Short web captions
============================================================
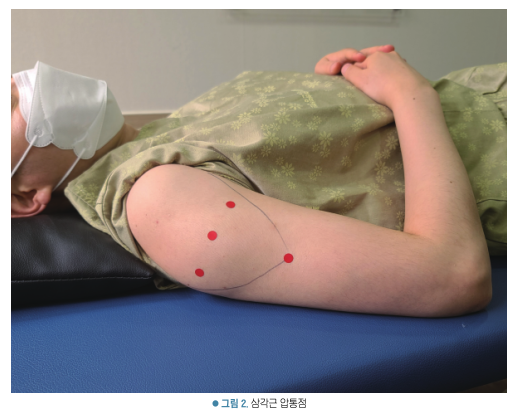 환자가 옆으로 누워 어깨와 팔에 삼각근 압통점이 표시된 모습 — 서울 바로한의원 초음파 약침·도침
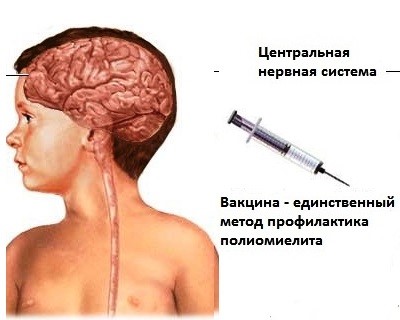 Полиомиелит – это острая вирусная инфекция, характеризующаяся поражением спинного мозга и других отделов центральной нервной системы.  Специалисты утверждают, что обычно болезнь протекает без симптомов или в стертом виде с неяркими проявлениями. Но тяжелы.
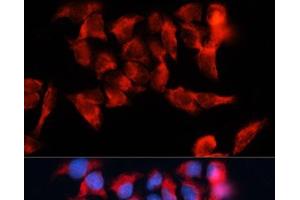 Immunofluorescence analysis of HeLa cells using BST2 Polyclonal Antibody at dilution of 1:100. (BST2 Antikörper)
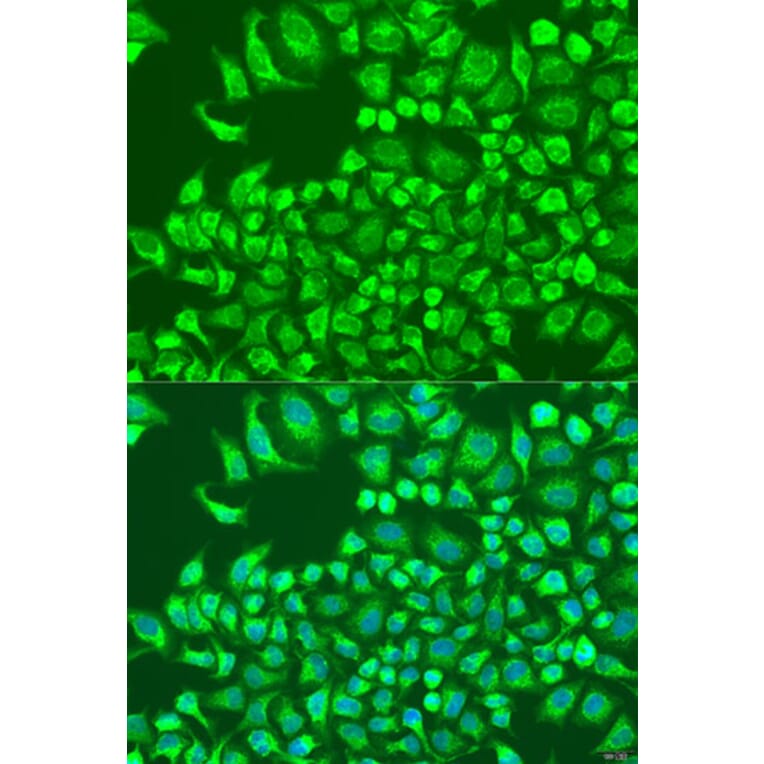 Immunofluorescence - Anti-CST6 Antibody (A10301) - Antibodies.com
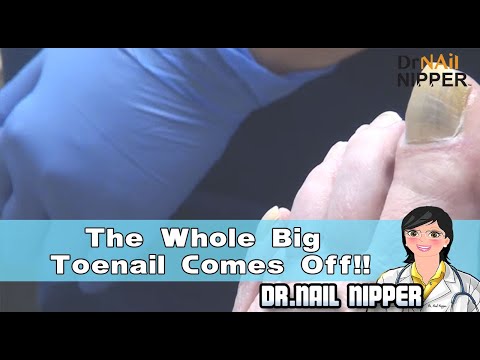 The Whole Big Toenail Comes Off!! Are you watching this video? 1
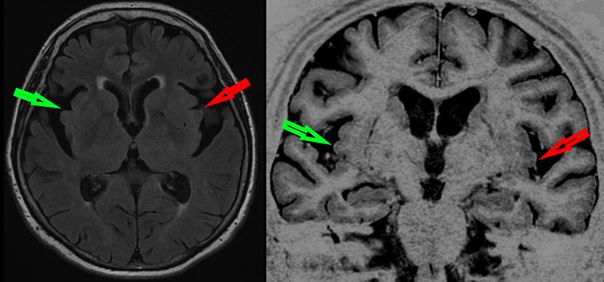 LEWY BODY DEMENTIA SYMPTOMS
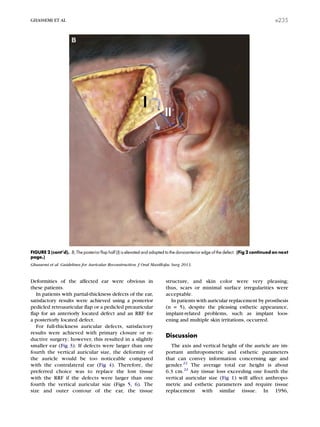 Deformities of the affected ear were obvious in
these patients.
In patients with partial-thickness defects of the ear,
satisfactory results were achieved using a posterior
pedicled retroauricular ﬂap or a pedicled preauricular
ﬂap for an anteriorly located defect and an RRF for
a posteriorly located defect.
For full-thickness auricular defects, satisfactory
results were achieved with primary closure or re-
ductive surgery; however, this resulted in a slightly
smaller ear (Fig 3). If defects were larger than one
fourth the vertical auricular size, the deformity of
the auricle would be too noticeable compared
with the contralateral ear (Fig 4). Therefore, the
preferred choice was to replace the lost tissue
with the RRF if the defects were larger than one
fourth the vertical auricular size (Figs 5, 6). The
size and outer contour of the ear, the tissue
structure, and skin color were very pleasing;
thus, scars or minimal surface irregularities were
acceptable.
In patients with auricular replacement by prosthesis
(n = 5), despite the pleasing esthetic appearance,
implant-related problems, such as implant loos-
ening and multiple skin irritations, occurred.
Discussion
The axis and vertical height of the auricle are im-
portant anthropometric and esthetic parameters
that can convey information concerning age and
gender.22
The average total ear height is about
6.3 cm.22
Any tissue loss exceeding one fourth the
vertical auricular size (Fig 1) will affect anthropo-
metric and esthetic parameters and require tissue
replacement with similar tissue. In 1956,
FIGURE 2 (cont’d). B, The posterior ﬂap half (I) is elevated and adapted to the dorsoanterior edge of the defect. (Fig 2 continued on next
page.)
Ghassemi et al. Guidelines for Auricular Reconstruction. J Oral Maxillofac Surg 2013.
GHASSEMI ET AL e235
 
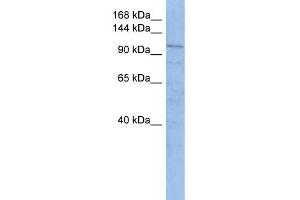 WB Suggested Anti-TRAK1 Antibody Titration: 0. (TRAK1 antibody  (Middle Region))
============================================================
◆ Work order:
Pictures omitted, give the entries again exactly.

◆ Written solution:
 환자가 옆으로 누워 어깨와 팔에 삼각근 압통점이 표시된 모습 — 서울 바로한의원 초음파 약침·도침
 Полиомиелит – это острая вирусная инфекция, характеризующаяся поражением спинного мозга и других отделов центральной нервной системы.  Специалисты утверждают, что обычно болезнь протекает без симптомов или в стертом виде с неяркими проявлениями. Но тяжелы.
 Immunofluorescence analysis of HeLa cells using BST2 Polyclonal Antibody at dilution of 1:100. (BST2 Antikörper)
 Immunofluorescence - Anti-CST6 Antibody (A10301) - Antibodies.com
 The Whole Big Toenail Comes Off!! Are you watching this video? 1
 LEWY BODY DEMENTIA SYMPTOMS
 Deformities of the affected ear were obvious in
these patients.
In patients with partial-thickness defects of the ear,
satisfactory results were achieved using a posterior
pedicled retroauricular ﬂap or a pedicled preauricular
ﬂap for an anteriorly located defect and an RRF for
a posteriorly located defect.
For full-thickness auricular defects, satisfactory
results were achieved with primary closure or re-
ductive surgery; however, this resulted in a slightly
smaller ear (Fig 3). If defects were larger than one
fourth the vertical auricular size, the deformity of
the auricle would be too noticeable compared
with the contralateral ear (Fig 4). Therefore, the
preferred choice was to replace the lost tissue
with the RRF if the defects were larger than one
fourth the vertical auricular size (Figs 5, 6). The
size and outer contour of the ear, the tissue
structure, and skin color were very pleasing;
thus, scars or minimal surface irregularities were
acceptable.
In patients with auricular replacement by prosthesis
(n = 5), despite the pleasing esthetic appearance,
implant-related problems, such as implant loos-
ening and multiple skin irritations, occurred.
Discussion
The axis and vertical height of the auricle are im-
portant anthropometric and esthetic parameters
that can convey information concerning age and
gender.22
The average total ear height is about
6.3 cm.22
Any tissue loss exceeding one fourth the
vertical auricular size (Fig 1) will affect anthropo-
metric and esthetic parameters and require tissue
replacement with similar tissue. In 1956,
FIGURE 2 (cont’d). B, The posterior ﬂap half (I) is elevated and adapted to the dorsoanterior edge of the defect. (Fig 2 continued on next
page.)
Ghassemi et al. Guidelines for Auricular Reconstruction. J Oral Maxillofac Surg 2013.
GHASSEMI ET AL e235
 
 WB Suggested Anti-TRAK1 Antibody Titration: 0. (TRAK1 antibody  (Middle Region))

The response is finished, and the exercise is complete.